NFL should learn from Donald Sterling situation


As NFL franchises continue to acquire more and more value, the pool of potential owners continues to shrink.  But just because someone has earned the money to buy an NFL team, it doesn’t mean they’ve earned the privilege.

That’s an important point for the NFL to keep in mind regarding the inexplicably bizarre and embarrassing controversy currently roaring through the NBA, where L.A. Clippers owner Donald Sterling allegedly was caught on tape making racist comments to his girlfriend.

While it remains impossible to open a window into a person’s soul to see whether the poison of racism resides there, it is possible to screen those whose words and actions suggest that they harbor such beliefs.

Donald Sterling’s words and actions suggest that he does.  And the evidence existed long before TMZ published its tape of his voice.

According to the Los Angeles Times, Sterling agreed in 2009 to a $2.765 million settlement of charges that he discriminated against African-Americans and others at an apartment building he owned.  The Times also reports that a lawsuit filed in 2003 accused Sterling of saying “Hispanics smoke, drink and just hang around the building,” and that “black tenants smell and attract vermin.”  The case was resolved with a confidential settlement, but Sterling reportedly paid $5 million in legal fees to the plaintiffs.

Amazingly, those claims and the settlements of those claims generated little or no publicity or scorn of Sterling.  If an NFL owner were accused of such conduct, the mere allegations would become major national news.  If an NFL owner ever settled a case involving such allegations, the league office undoubtedly would be forced to take decisive action or face strong contentions of the existence of a double standard.

It’s all the more reason for the NFL to treat this occasion as the catalyst for ensuring that its house — specifically, its 32 houses — are in order.  Existing owners should be warned clearly about the potential consequences of such conduct.  Potential owners should be screened even more carefully to determine that they have done or said nothing that would suggest that their hearts are rotten with racism or other qualities that could result in their wealth and power being used to violate the rights of others.

Per a league source, NFL owners already expect Commissioner Roger Goodell to address the situation in some way at the next ownership meetings in May.

It’s often impossible to get to the truth of a person’s attitudes regarding matters of race.  But the Sterling situation underscores the importance of taking all reasonably available steps to ensure that the country’s biggest sports business is doing business with people who have not only the wealth to assume such an important responsibility, but also the character.

57 responses to “NFL should learn from Donald Sterling situation

  1. Existing owners should be warned clearly about the potential consequences of such conduct.

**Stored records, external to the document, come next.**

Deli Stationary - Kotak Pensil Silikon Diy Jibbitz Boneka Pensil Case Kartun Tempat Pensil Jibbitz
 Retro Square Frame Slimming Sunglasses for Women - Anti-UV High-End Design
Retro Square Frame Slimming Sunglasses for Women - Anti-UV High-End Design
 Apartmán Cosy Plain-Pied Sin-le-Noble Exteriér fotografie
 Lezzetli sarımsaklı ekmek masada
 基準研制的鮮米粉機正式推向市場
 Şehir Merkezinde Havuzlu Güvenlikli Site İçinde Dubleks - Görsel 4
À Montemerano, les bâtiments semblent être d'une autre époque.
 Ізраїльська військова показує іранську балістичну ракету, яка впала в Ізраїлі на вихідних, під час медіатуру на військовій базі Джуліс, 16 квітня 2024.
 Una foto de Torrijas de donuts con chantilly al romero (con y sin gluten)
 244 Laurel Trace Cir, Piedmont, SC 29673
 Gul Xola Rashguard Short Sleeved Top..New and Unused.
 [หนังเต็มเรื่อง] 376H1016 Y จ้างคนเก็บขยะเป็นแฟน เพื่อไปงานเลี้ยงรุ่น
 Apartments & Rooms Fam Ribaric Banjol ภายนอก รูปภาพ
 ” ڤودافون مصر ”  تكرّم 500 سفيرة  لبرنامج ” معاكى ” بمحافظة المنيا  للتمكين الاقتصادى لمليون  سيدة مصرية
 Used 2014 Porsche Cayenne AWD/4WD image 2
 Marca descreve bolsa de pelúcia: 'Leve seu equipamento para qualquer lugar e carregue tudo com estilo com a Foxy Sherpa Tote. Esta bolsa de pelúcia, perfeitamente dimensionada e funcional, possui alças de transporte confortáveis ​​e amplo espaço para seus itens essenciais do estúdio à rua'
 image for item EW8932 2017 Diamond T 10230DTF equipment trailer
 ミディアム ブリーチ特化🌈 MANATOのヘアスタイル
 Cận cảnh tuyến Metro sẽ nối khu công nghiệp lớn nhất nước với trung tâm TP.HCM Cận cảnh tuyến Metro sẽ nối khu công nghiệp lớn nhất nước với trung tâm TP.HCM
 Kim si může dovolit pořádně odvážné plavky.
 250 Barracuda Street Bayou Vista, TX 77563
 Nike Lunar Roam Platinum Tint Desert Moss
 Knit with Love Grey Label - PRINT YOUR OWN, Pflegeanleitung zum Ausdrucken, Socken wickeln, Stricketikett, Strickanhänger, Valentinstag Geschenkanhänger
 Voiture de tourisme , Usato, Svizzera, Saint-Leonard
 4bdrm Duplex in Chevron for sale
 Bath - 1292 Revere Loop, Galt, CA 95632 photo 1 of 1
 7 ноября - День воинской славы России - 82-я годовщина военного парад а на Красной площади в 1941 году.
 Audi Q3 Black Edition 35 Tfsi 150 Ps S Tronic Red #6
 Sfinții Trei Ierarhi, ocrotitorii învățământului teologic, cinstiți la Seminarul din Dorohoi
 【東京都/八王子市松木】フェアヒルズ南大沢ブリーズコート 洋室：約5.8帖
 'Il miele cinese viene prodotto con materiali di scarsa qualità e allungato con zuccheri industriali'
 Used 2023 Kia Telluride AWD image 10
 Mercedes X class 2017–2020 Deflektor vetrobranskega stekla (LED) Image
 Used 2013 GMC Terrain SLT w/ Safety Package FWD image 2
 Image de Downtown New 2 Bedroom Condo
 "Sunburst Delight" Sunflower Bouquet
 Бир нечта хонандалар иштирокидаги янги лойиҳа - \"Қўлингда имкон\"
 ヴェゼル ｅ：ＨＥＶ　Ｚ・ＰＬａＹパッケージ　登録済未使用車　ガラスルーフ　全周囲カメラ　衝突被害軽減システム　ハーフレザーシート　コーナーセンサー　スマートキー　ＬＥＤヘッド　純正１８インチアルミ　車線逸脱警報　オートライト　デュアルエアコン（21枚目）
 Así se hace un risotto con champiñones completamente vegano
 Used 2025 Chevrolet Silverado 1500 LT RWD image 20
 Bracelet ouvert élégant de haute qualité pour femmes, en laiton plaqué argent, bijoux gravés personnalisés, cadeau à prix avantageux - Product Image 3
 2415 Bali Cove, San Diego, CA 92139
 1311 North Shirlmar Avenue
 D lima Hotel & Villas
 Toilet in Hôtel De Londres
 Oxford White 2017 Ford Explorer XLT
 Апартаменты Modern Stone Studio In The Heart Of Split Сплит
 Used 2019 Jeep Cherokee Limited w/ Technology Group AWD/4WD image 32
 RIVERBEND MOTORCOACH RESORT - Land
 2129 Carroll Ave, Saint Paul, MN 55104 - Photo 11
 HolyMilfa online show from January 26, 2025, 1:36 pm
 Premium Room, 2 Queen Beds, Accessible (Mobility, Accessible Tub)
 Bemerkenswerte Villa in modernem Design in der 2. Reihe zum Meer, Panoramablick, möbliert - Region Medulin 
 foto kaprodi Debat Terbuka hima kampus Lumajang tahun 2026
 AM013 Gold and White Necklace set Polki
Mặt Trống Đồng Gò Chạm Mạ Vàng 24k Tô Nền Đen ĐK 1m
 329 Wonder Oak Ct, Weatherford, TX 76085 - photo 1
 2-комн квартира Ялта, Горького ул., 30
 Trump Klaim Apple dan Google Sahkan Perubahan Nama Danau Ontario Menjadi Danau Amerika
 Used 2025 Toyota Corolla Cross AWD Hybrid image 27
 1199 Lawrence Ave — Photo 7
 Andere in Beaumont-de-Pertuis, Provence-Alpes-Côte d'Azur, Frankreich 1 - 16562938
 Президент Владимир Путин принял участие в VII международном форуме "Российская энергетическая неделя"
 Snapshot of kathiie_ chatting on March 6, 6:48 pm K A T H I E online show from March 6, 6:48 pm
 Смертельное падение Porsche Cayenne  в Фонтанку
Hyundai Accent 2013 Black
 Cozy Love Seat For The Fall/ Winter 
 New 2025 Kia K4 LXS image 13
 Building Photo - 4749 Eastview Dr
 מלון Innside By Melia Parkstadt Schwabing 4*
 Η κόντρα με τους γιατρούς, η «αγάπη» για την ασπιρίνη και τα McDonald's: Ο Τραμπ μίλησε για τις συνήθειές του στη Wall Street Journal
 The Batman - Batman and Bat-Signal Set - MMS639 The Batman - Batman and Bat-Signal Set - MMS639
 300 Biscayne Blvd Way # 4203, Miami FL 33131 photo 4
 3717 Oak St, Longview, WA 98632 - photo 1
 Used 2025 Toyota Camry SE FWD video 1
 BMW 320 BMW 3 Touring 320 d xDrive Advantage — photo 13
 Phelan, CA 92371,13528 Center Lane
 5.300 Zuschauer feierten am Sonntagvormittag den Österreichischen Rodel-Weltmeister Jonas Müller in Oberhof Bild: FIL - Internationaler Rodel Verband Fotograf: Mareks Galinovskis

    Warn them about what, getting caught as a racist? If an existing owner is a racist warning them is a pretty silly exercise. If you mean to say lets cover it up then a warning may do some good.

    And who’s going to judge the character of possible new owners, you? Dan “Redskin” Synder?

  2. Well, given that not a single owner of any team in any of the four major US sports has seen fit to put out even the most generic say-nothing statement – not even the ones who crave the spotlight like a drug – I am not holding out that they will learn anything at all.

  3. Nah, everything is peachy keen with the NFL as you’ve stated and Mark Cuban is just a dope with zero business sense, less intelligence than you, and didn’t ya know, witness the building up and collapse of the tech bubble in the early 2000s. How about another wacky draft scenario about the Texans from your newly christened “expert” Pancakes McClain? Lord knows we haven’t enough, zero aspect of the NFL could ever be over saturated.

  4. No professional sports league – or any other business entity for that matter – can tolerate the costs, both monetary and in terms of brand damage, of allowing a clear-cut racist to be in a leadership position.

    No matter what the NBA does or doesn’t do, Sterling’s tenure as owner is over. It’s just a matter of how long it takes for it to formally end. He has alienated a huge portion of both his employees and his customer base. Advertisers and sponsors will stay away, as will free agents and trade prospects. And for those who he might lure to the Clippers, he’s going to have to pay a lot more to get them – the Donald Sterling tax – because now people hate him. Even if the NBA did nothing, the marketplace will ensure that Sterling won’t be able to run the team for very long. And all of this makes the NBA look weak, its entire brand looking worse, and their shared profits weaker.

    It only takes one racist jerk to hurt a lot of people – not just in the heart but also in the wallet. Goodell needs to make sure there are no crusty old Steeling types in his midst.

  5. Yet…Donald Stirling’s gold-digging girlfriend is of both black and Hispanic descent. Hmmmm…

    Some people in this world provide a very laudable example of how to carry one’s self with dignity and respect, while other people provide us with a very clear example of how NOT to act. Both are necessary for the rest of us to learn from…so thanks for being a complete moron Donald.

  6. But the NFL has made NO attempt to keep this a game full of clean and respectable owners. They don’t care that much and they aren’t going to put forth much effort into something like this. This league can’t even get the rulebook or replay and officiating systems taken care of, and they sure aren’t going to make it a priority to help or ensure that these houses are in order the way you would like for it to be.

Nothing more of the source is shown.